To be able to run this notebook it is required to run previously the ones in the following folders: nucleosomes, rotational and increase. In addition, some external data needs to be downloaded. In each section you can find further details.

## H. sapiens <a id="human"></a>

Create a folder named **sapiens** and place inside:

- The data from http://eqtl.uchicago.edu/dsQTL_data/MAPPED_READS/all.mapped.reads.tar.gz  
Please, uncompress and extract the file before running the notebook.

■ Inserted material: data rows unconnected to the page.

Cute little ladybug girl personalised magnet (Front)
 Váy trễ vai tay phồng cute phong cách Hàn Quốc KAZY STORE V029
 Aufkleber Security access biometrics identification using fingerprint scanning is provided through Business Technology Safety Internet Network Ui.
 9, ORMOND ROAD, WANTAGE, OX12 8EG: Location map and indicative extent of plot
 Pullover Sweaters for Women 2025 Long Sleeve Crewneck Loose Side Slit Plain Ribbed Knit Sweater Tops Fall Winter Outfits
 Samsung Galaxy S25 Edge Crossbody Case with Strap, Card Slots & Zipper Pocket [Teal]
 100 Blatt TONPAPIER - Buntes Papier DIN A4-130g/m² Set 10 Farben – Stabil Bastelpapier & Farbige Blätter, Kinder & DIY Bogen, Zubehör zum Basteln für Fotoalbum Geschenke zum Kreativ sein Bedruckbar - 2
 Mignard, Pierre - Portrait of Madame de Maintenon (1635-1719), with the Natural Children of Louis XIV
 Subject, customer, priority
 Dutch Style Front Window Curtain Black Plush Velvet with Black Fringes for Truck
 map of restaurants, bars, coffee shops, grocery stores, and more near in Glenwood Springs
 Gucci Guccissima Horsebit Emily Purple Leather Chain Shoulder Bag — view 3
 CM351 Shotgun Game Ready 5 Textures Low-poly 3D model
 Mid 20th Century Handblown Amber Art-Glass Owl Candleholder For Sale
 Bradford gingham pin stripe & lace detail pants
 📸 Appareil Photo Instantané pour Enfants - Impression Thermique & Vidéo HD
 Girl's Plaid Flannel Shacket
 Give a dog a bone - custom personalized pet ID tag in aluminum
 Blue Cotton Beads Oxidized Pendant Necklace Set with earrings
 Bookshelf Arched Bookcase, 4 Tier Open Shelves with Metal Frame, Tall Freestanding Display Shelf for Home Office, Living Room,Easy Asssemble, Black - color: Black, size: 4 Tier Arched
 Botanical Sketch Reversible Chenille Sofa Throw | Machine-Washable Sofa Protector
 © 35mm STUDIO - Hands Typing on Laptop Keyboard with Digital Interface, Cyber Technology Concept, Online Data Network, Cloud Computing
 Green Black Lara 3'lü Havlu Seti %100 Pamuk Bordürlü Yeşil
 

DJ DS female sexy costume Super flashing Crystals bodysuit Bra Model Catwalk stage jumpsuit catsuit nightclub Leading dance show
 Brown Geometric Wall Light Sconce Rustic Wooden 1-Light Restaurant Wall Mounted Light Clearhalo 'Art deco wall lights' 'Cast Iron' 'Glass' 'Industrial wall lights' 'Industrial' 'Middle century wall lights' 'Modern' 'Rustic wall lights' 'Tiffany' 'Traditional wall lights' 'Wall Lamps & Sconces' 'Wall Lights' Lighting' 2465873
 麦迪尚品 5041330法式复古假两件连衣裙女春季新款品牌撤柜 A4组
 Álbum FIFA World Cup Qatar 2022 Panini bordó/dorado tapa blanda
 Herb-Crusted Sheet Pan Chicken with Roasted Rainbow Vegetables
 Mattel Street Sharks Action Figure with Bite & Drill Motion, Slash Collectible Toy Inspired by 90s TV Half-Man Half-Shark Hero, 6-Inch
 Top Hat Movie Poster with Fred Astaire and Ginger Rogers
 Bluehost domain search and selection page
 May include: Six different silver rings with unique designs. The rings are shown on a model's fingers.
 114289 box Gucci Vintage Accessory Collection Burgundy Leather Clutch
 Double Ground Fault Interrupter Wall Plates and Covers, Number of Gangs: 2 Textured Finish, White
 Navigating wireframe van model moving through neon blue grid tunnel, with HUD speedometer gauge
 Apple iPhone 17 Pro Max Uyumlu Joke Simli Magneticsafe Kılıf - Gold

- The hg18 to hg19 chain file downloaded from http://hgdownload.soe.ucsc.edu/goldenPath/hg18/liftOver/hg18ToHg19.over.chain.gz

Parse the input data.

In [None]:
%%bash --out output1 --err error1

cd sapiens

data_folder=data/share/DNaseQTLsV2  # folder where the extracted files are

for individual in NA18507 NA18508 NA18516 NA18522 NA19193 NA19238 NA19239
do
    zcat ${data_folder}/${individual}* | \
        awk -v sample=${individual} '{OFS="\t"}{print $1, $2-1, $2, $3, sample}'
done | gzip > filtered_dnase.bed.gz

source activate env_crossmap  # CrossMap needs to run on a different environment
CrossMap.py bed hg18ToHg19.over.chain.gz filtered_dnase.bed.gz filtered_dnase_hg19.bed
gzip -f filtered_dnase_hg19.bed

zcat filtered_dnase_hg19.bed.gz | \
    awk '{OFS="\t"}{print $1, $3, "-", "-", $5}' | \
    gzip > dnase.tsv.gz

Compute the relative increase in mutation rate for the zoomin using all the dyads (``increase`` folder), using high rotational dyads (``increase_rot_high`` folder) and using low rotational  dyads (``increase_rot_low`` folder).

In [None]:
%%bash --out output2 --err error2

source activate env_nucperiod

increase_scripts=${PWD}/../increase/scripts
increase=${PWD}/../increase/sapiens
mapping=${PWD}/../nucleosomes/sapiens
rotational=${PWD}/../rotational/sapiens

cd sapiens

bash ${increase_scripts}/increase.sh dnase.tsv.gz zoomin hg19 5 ${mapping}/dyads.bed.gz \
    ${increase}/hg19_filtered_5mer_counts.json.gz increase
    
bash ${increase_scripts}/increase.sh dnase.tsv.gz zoomin hg19 5 ${rotational}/high_rotational_dyads.bed.gz \
    ${increase}/hg19_filtered_5mer_counts.json.gz increase_rot_high
    
bash ${increase_scripts}/increase.sh dnase.tsv.gz zoomin hg19 5 ${rotational}/low_rotational_dyads.bed.gz \
    ${increase}/hg19_filtered_5mer_counts.json.gz increase_rot_low

## S. cerevisiae <a id="yeast"></a>

Create a folder named **cerevisiase** and place inside:

- The data from https://www.ncbi.nlm.nih.gov/geo/download/?acc=GSE69651&format=file  
Please, extract the files before running the notebook.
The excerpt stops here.